Les autorités sanitaires identifient alors une piste : le hantavirus. Un virus rare.

Transmis principalement par des rongeurs sauvages infectés. Il peut provoquer un syndrome respiratoire aigu, parfois mortel. À bord du bateau, l'hécatombe continue. Après le couple néérlandais, une troisième victime est décédée. Il s'agit d’un allemand, et selon les informations de l’AFP, son corps se trouverait toujours à bord du navire. Un Britannique, âgé de 69 ans, contaminé par le virus, a aussi été évacué vers l’Afrique du Sud, où il est actuellement traité en soins intensifs.

Le 24 avril, le Hondius repart de Saint-Helene et arrive au Cap-Vert le 3 mai. Mais là, tout s’arrête. Les autorités refusent l’accès au port de Praia, la capitale capverdienne. Objectif : éviter toute propagation.
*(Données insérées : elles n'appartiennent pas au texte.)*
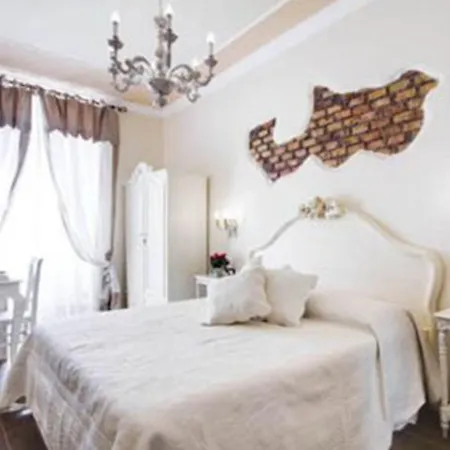 Lunaria Suites Rome Vaticano-3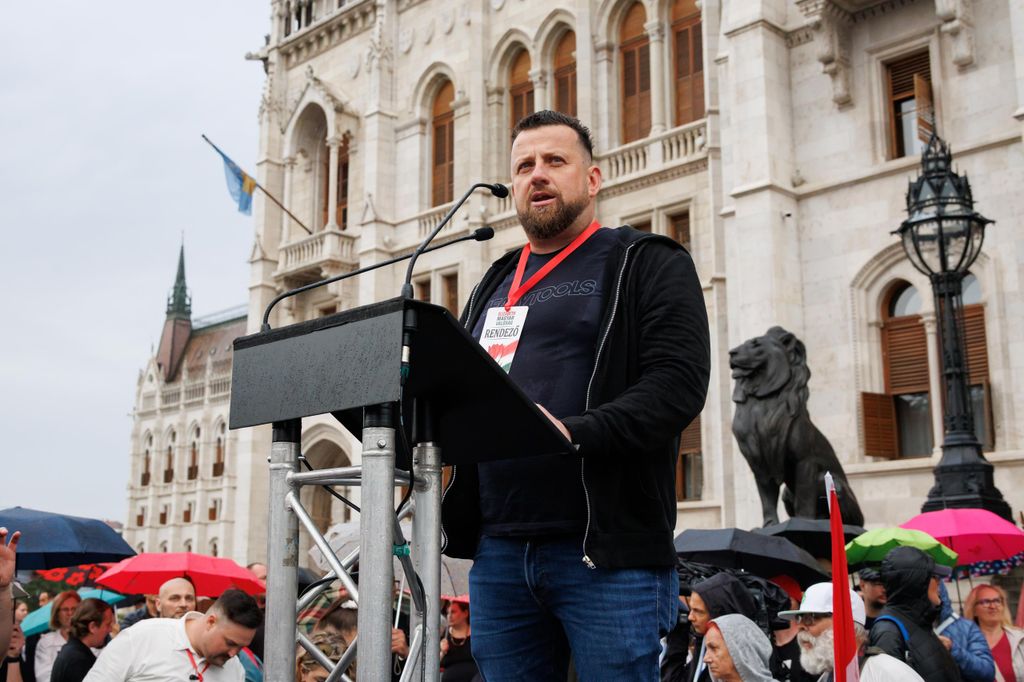20260605 -- Az Európai Unió migrációs paktumának elutasítását követelő tüntetés, melyet Elizabeth-Magyar Valóság és jobboldali influenszerek szerveztek, a Kodály köröndtől a Parlementig. Szabó Gergő
// fotó: Hatlaczki Balázs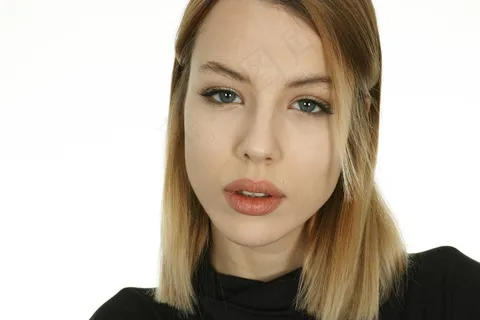 齐肩直发美女头像图片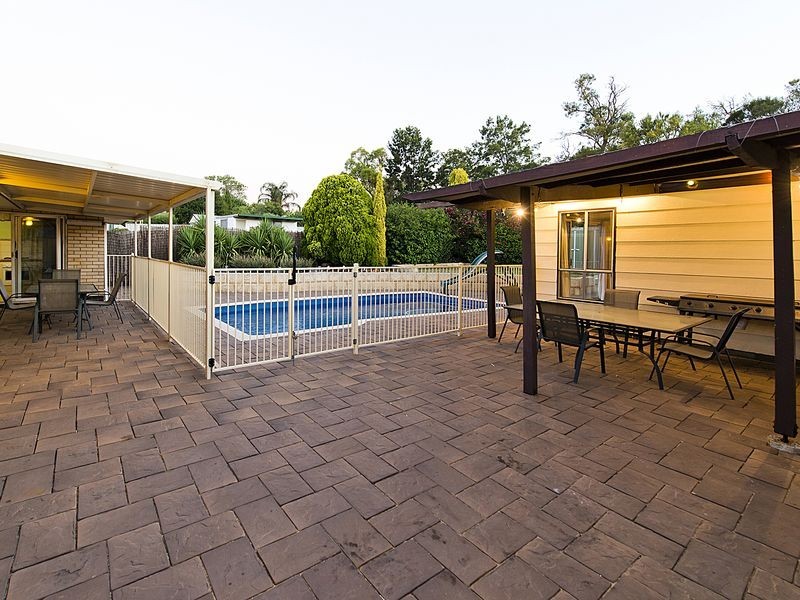 4 Blay Road, Calista WA 6167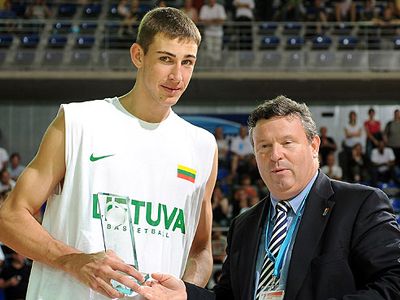 Καλύτερος νέος παίκτης του 2011 ο Βαλαντσιούνας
Au total : l’OMS confirme ce 5 mai qu’il y a eu 3 morts et indique que 2 cas confirmés sont à bord et que 5 cas sont suspectés d’avoir été infectés.

« Il y a beaucoup d'incertitudes »

Mardi 5 mai, le bateau est toujours au large du Cap Vert. Les passagers sont confinés. Des évacuations sont en préparation. Jake Rosmarin, un passager du MV Hondius qui chronique son voyage sur les réseaux sociaux, a raconté lundi 4 mai sur Instagram : « il y a beaucoup d'incertitudes et c'est la partie la plus difficile. Tout ce que nous voulons maintenant, c'est nous sentir en sécurité, avoir des réponses claires et rentrer chez nous ».

Alors, où le virus est-il apparu ? Dans les zones isolées de Géorgie du Sud ? Sur les îles de Tristan da Cunha ? Ou ailleurs en dehors du navire ? À ce stade, les scientifiques n’ont pas encore la réponse. Et on ne sait donc toujours pas où le premier malade a été contaminé. De son côté, l’OMS soupçonne une « transmission interhumaine » entre les personnes contaminées et évalue le risque pour la population mondiale comme faible.